L’information judiciaire ouverte pour «blanchiment» en février 2014 «contre X» dans une affaire de circuit suspect de chèques en provenance d’Afrique, dénoncé par un salarié licencié en 2011 et impliquant une filiale monégasque de BNP Paribas, se prolonge également. Dans ce dossier, la demande de partie civile de l’association Sherpa qui lutte contre la criminalité économique, a été rejetée.

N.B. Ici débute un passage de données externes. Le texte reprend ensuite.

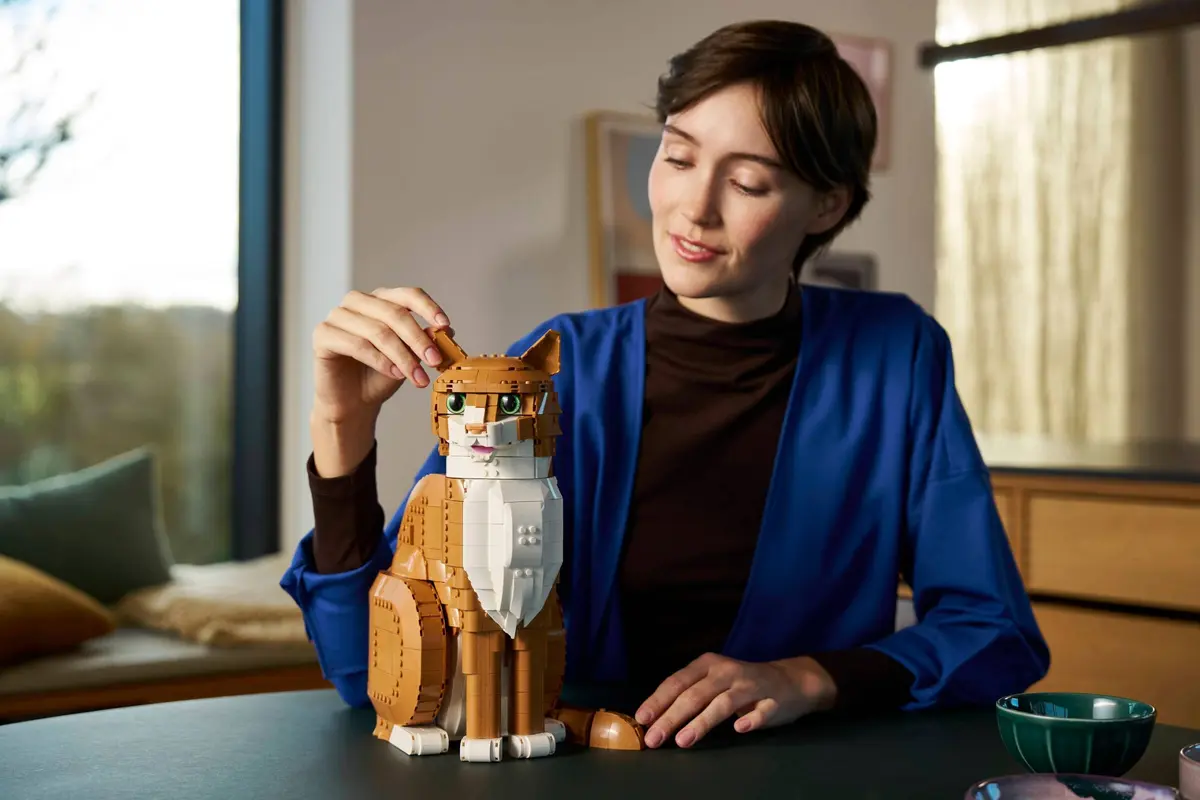 LEGO Ideas 21376 Orange Cat set, image 9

«Il y a des efforts des rouages de l’État sans forcément de résultats encore tangibles et concrets en termes de condamnations», admet Sylvie Petit-Leclair. Mais les effectifs et les pouvoirs du Service d’information et de contrôle sur les circuits financiers (Siccfin, équivalent de Tracfin en France) ont augmenté et les signalements au parquet ont quintuplé en cinq ans (27 en 2020).

Demandes d’entraide
Côté police, l’effectif affecté à la section des enquêtes financières a doublé en six ans avec treize enquêteurs pour 188 dossiers ouverts en 2020, contre 96 en 2015. «Il y a une proportion non négligeable de demandes d’entraide de l’étranger, environ la moitié, qu’on essaie d’exécuter rapidement, en quelques mois», a précisé le chef de la police judiciaire Jean-François Mirigay.

«On n’a pas à Monaco pour l’instant de dossiers liés à du terrorisme mais Monaco, place financière, a des obligations» et «il y a une prise en considération des enjeux (…) Le but est de montrer que Monaco n’a rien à cacher», dit-il.

À la suite du G20 de Londres en 2009, Monaco s’était engagé dans un effort de transparence fiscale qui lui avait permis de quitter la «liste grise» des pays non coopératifs élaborée par l’Organisation de coopération et de développement économique (OCDE).

Depuis 2016, plus d’une soixantaine d’accords bilatéraux de coopération fiscale ont été conclus, les gels de fonds sont récurrents et la liste des assujettis à des déclarations de soupçons devenue très longue – bijoutiers, concessionnaires, yachting, agents sportifs, etc.

Elle inclut depuis 2020 les marchands de biens et les plateformes de cryptomonnaie et d’actifs numériques. «Tout ça sert à montrer qu’ils font des efforts, c’est de l’habillage», critique une source proche du dossier ayant requis l’anonymat. «Ils avancent tout doucement car ils ne peuvent pas se permettre de figurer dans la liste grise sinon c’est la mort économique! Les banques ne pourraient plus avoir de succursales ou accepter des transferts».

Si dans les scandales de la Banque Pasche de Monaco et BNP Paribas Wealth Management à Monaco, les lanceurs d’alerte sont les seuls à avoir trinqué jusqu’à présent, perdant leur emploi, la loi de 2020 promet à l’avenir la stricte confidentialité à ces intervenants.